What is needed
In the copy, keep every line below as it is and leave out the pictures.

Source material
────────────────────────────────────────

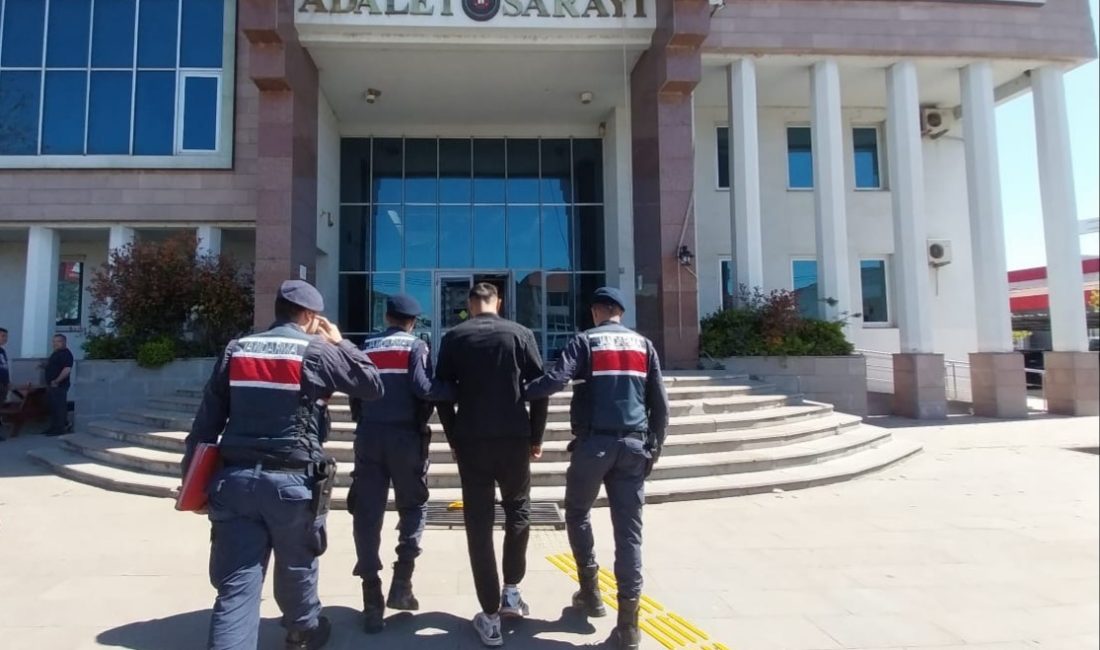 DEAŞ propagandası yapan şahıs Susurluk’ta yakalandı Susurluk’ta, DEAŞ silahlı terör örgütü propagandası yapmak suçundan hakkında yakalama
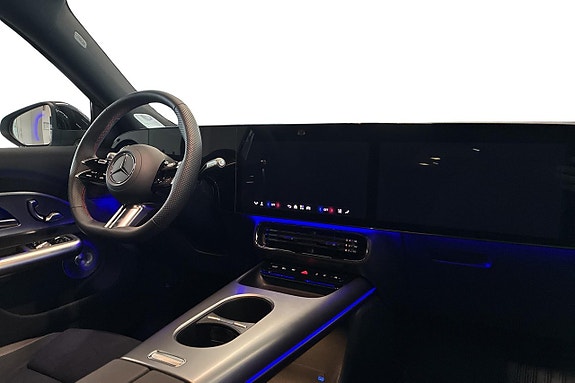 Mercedes-Benz GLB350 11 of 30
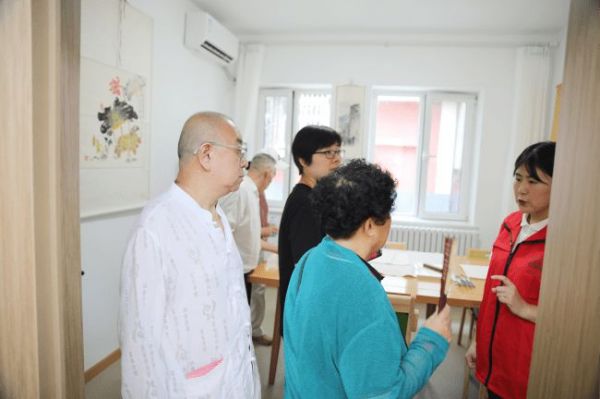 福壽苑呼家樓北里養(yǎng)老服務(wù)驛站舉行揭牌儀式，正式運(yùn)行！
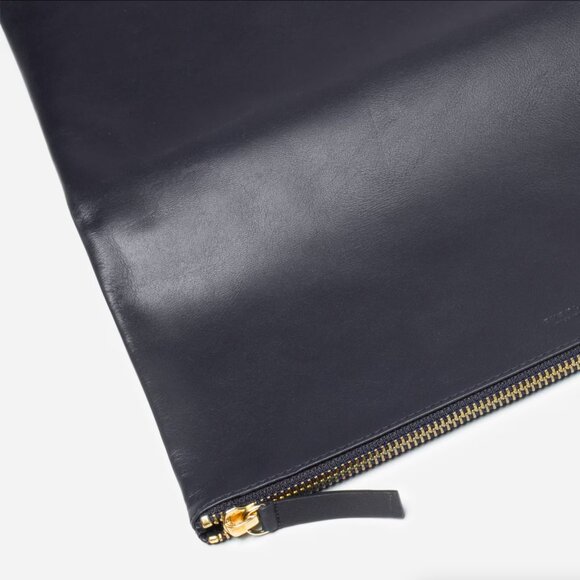 Everlane Foldover Pouch in Navy - Picture 2 of 8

────────────────────────────────────────

Answer to this exercise
 DEAŞ propagandası yapan şahıs Susurluk’ta yakalandı Susurluk’ta, DEAŞ silahlı terör örgütü propagandası yapmak suçundan hakkında yakalama
 Mercedes-Benz GLB350 11 of 30
 福壽苑呼家樓北里養(yǎng)老服務(wù)驛站舉行揭牌儀式，正式運(yùn)行！
 Everlane Foldover Pouch in Navy - Picture 2 of 8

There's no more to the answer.